Doctor of Philosophy

Major

Educational Psychology and Research

Major Professor

John M. Peters

Committee Members

Trena Paulus, Mary Ziegler, Michael Keene

Abstract

This was an action research study examining 1) narratives community college writing students had about themselves as writers in a college-level writing course and 2) the connection between those narratives and student experience of collaborative learning activities. The study of narrative is particularly useful in determining how people make meaning of experiences in their lives.

The class utilized three types of teaching and learning to explore the writing process, including lecture, discussion groups and collaborative learning activities. Students and teacher used a social-constructionist approach to conversation that implemented a process of reflective dialogue about writing and writers' strategies.

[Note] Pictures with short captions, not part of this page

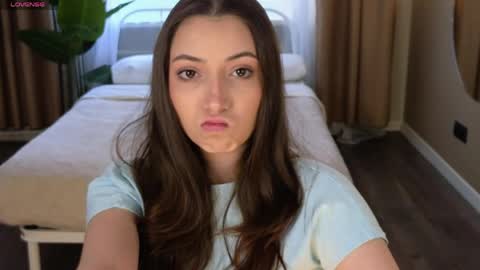 Emilia online show from 04-12-26, 12:10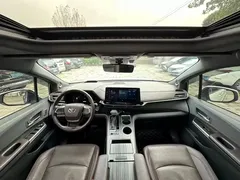 2021 Toyota Sienna 2.5L Hybrid Platinum, белый — фото 4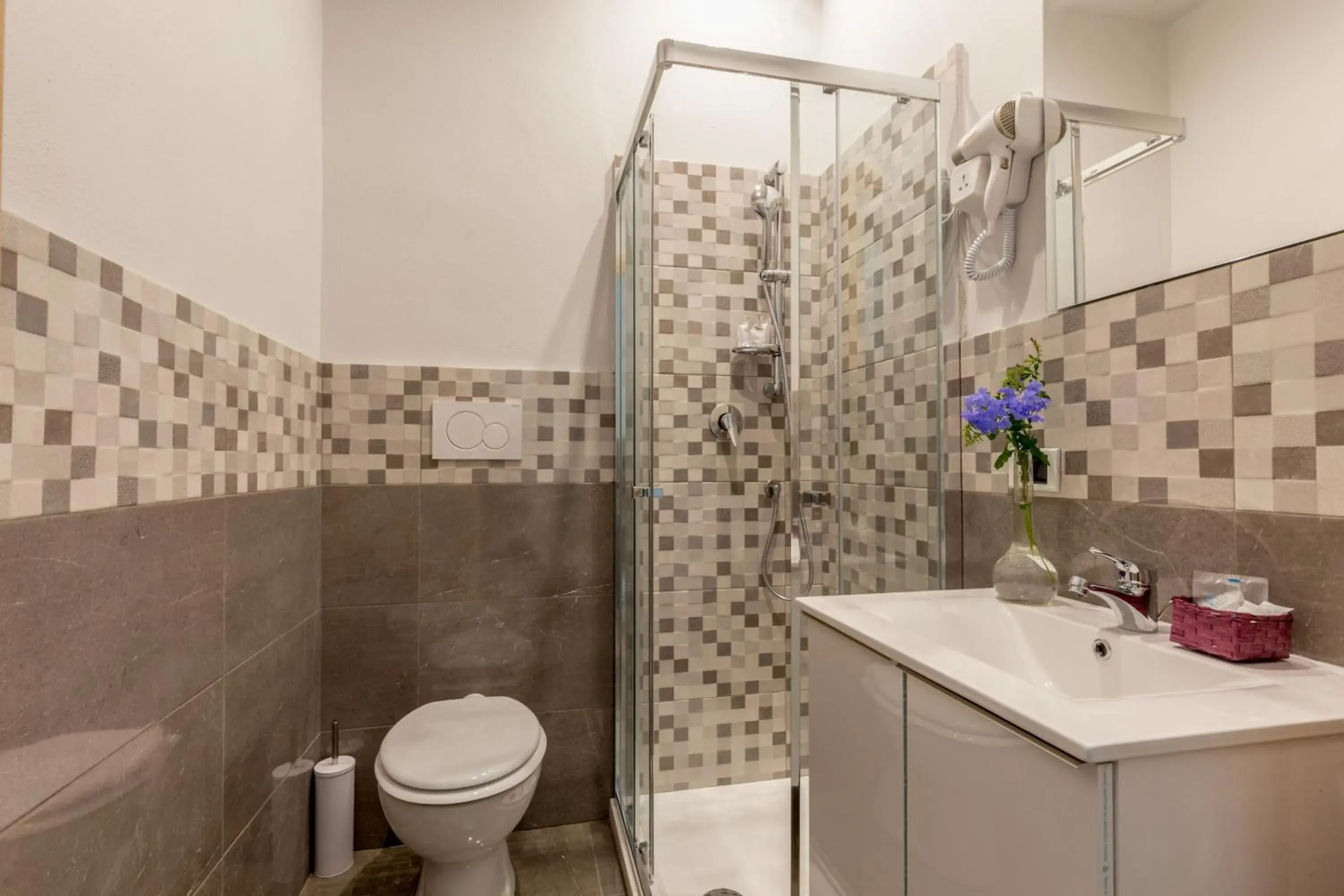 Shower in The Shell Rome Suite Shower in The Shell Rome Suite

At the end of the course, which began with thirty students, nineteen students out of twenty anonymously volunteered to participate in the study. A neutral third party randomly selected twelve names for final participation. The researcher conducted a phenomenological analysis of audio taped entrance and exit interviews of the twelve students. The study also utilized relevant examples from student journals and researcher field notes. Data analysis yielded themes that the researcher subjected to metaphorical analysis.

Findings revealed what narratives students had about themselves as writers upon entering and exiting the course. Results showed that using collaborative learning activities in the writing classroom influenced student narratives of themselves as writers. Students experienced interpersonal and technical gains from participation in social-constructionist-oriented classroom dialogue about writing and from certain, specific aspects of a learning environment that incorporated collaborative learning activities.

Conclusions linked the use of collaborative learning in the college writing classroom to the creation of a “novelesque” and process-oriented class experience that lent itself to the meaning-making of college writing. There were additional implications from this study concerning composition studies and student retention of college freshmen.